◆ What to do:
Starting with the line that contains "A portrait of", copy each line exactly through the end of the listing, and omit all pictures.

====== Input data ======

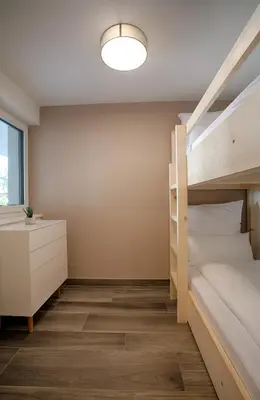 a bedroom with two bunk beds and a desk at Apartment Lavendel - Alpstay in Naturno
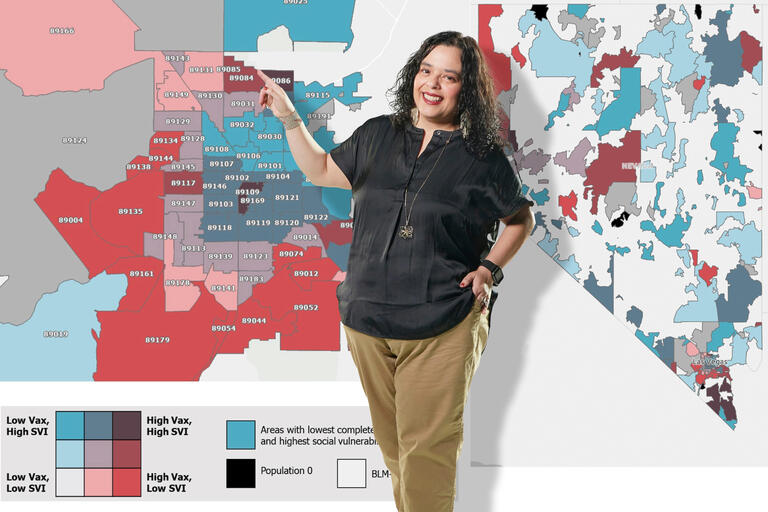 A portrait of Erika Marquez pointing to a wall-sized map of populations in Las Vegas.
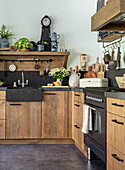 Country kitchen with wooden furniture and dark worktop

======

◆ Result of this exercise:
 A portrait of Erika Marquez pointing to a wall-sized map of populations in Las Vegas.
 Country kitchen with wooden furniture and dark worktop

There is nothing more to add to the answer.